Fingerprints of cluster-based Haldane and bound-magnon states in a spin-1 Heisenberg diamond chain

We investigate magnetic and thermodynamic properties of a spin-1 Heisenberg diamond chain in a magnetic field using a combination of analytical and numerical methods including the variational approach, exact diagonalization, density-matrix renormalization group, localized-magnon theory, and quantum Monte Carlo simulations. In the unfrustrated regime, the model exhibits a quantum ferrimagnetic phase that captures key magnetic features of the nickel-based polymeric compound [Ni3(OH)2(C4H2O4)(H2O)4].2H2O such as a at minimum in the temperature dependence of the susceptibility times temperature product and an intermediate one-third magnetization plateau.
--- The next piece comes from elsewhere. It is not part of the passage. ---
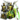 Venombite Appearance Package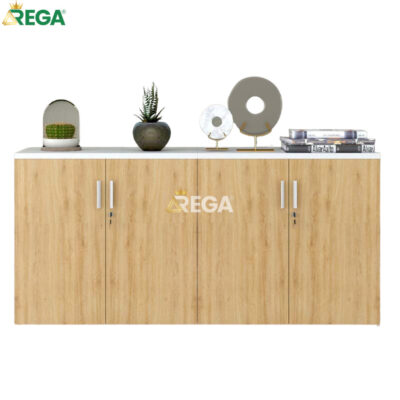 Tủ tài liệu REGA RT-G152-4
In the frustrated regime, we uncover a rich variety of unconventional quantum phases including uniform and cluster-based Haldane states, fragmented monomer-dimer phase, and bound-magnon crystals. Analysis of the adiabatic temperature change and magnetic Gruneisen parameter reveals an enhanced magnetocaloric effect near field-induced transitions between these exotic quantum phases. Additionally, we demonstrate that the frustrated spin-1 diamond chain can operate as an efficient working medium of a quantum Stirling engine, which approaches near-optimal efficiency when driven into these unconventional quantum states.